Всё же, по человеческому свойству надеяться, заключённые Старого
Кирпичного ждали, что их направят на какой-то новый объект. Уже несколько
месяцев они мучились здесь, и было невыносимо. И действительно, рано утром
22 апреля (нет полной уверенности в дате, а то ведь -- день рождения Ленина)
начали собирать этап -- 200 человек. Вызываемые получали свои мешки, клали
их на розвальни. Конвой повел колонну на восток, в тундру, где близко не
было совсем никакого жилья, а вдалеке был Салехард. Блатные позади ехали на
санях с вещами. Одну только странность заметили остающиеся: один, другой
мешок упал с саней, и никто их не подобрал.

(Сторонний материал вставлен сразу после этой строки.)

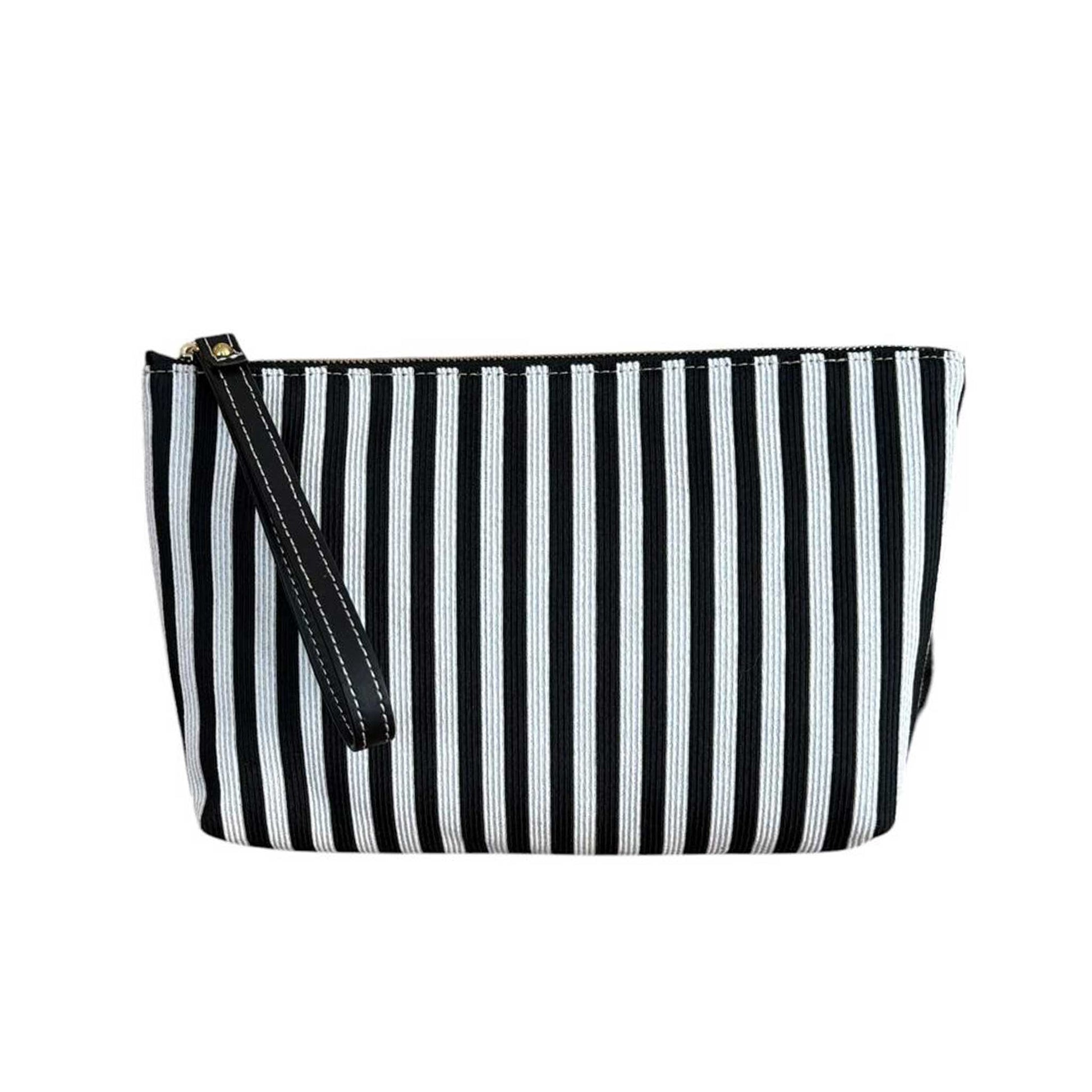 Striped Canvas zip Pouch wristlet black Biagini sold at Aqualta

Колонна шла бодро: ждала их какая-то новая жизнь, новая деятельность,
пусть изнурительная, но не хуже этого ожидания. А сани далеко отстали. И
конвой стал отставать -- ни впереди, ни сбоку уже не шел, а только сзади.
Что ж, слабость конвоя -- это тоже добрый признак. Светило солнце.

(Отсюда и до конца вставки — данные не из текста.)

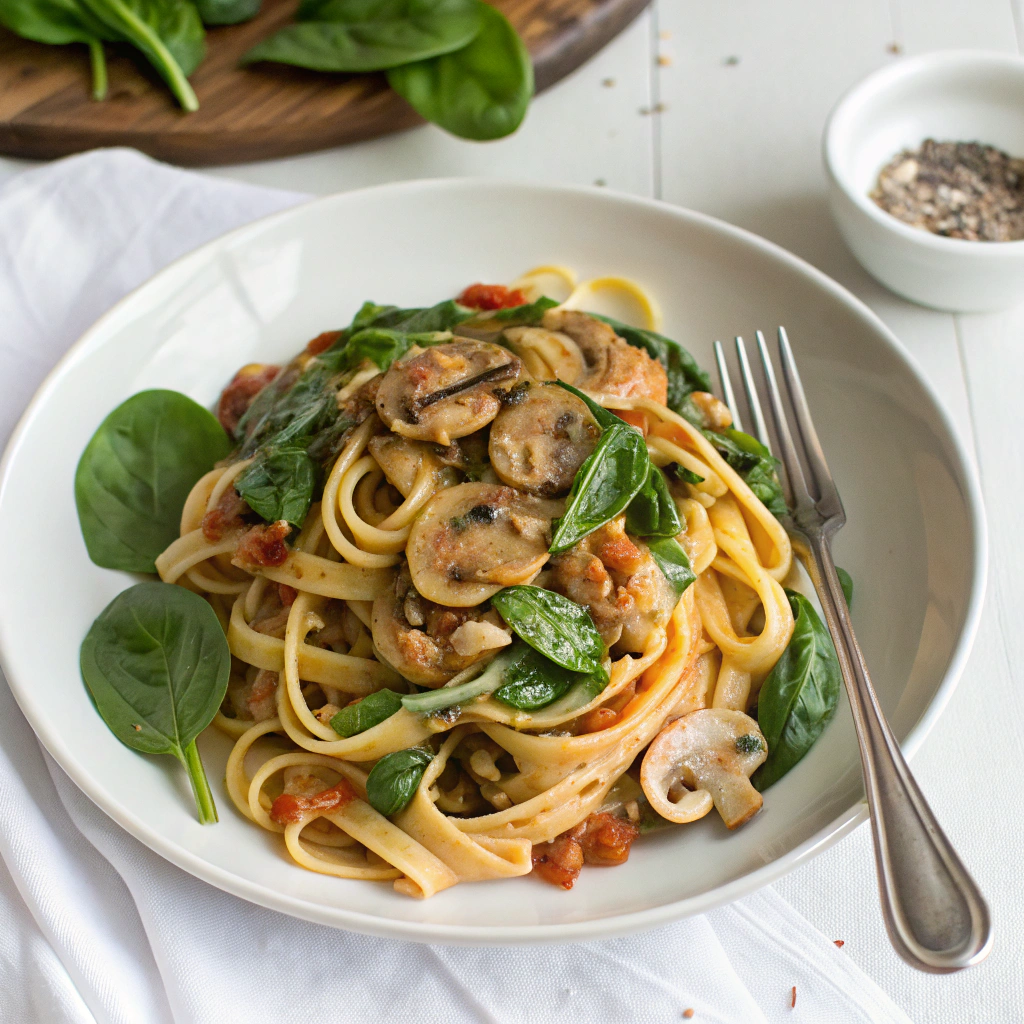 eating-spinach-and-mushroom-pasta Spinach and Mushroom Pasta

И вдруг по чёрной идущей колонне невидимо откуда, из ослепительной
снежной пелены, открыт был частый пулемётный огонь. Арестанты падали, другие
еще стояли, и никто ничего не понимал.
Смерть пришла в солнечно-снежных ризах, безгрешная, милосердная.
Это была фантазия на тему будущей войны. Из временных снежных
укреплений поднялись убийцы в полярных балахонах (говорят, что большинство
из них были грузины), бежали к дороге и добивали кольтами живых.
А недалеко были заготовлены ямы, куда подъехавшие блатные стали
стаскивать трупы. Вещи же умерших к неудовольствию блатных были сожжены.
23-го и 24-го апреля там же и так же расстреляли еще 760 человек.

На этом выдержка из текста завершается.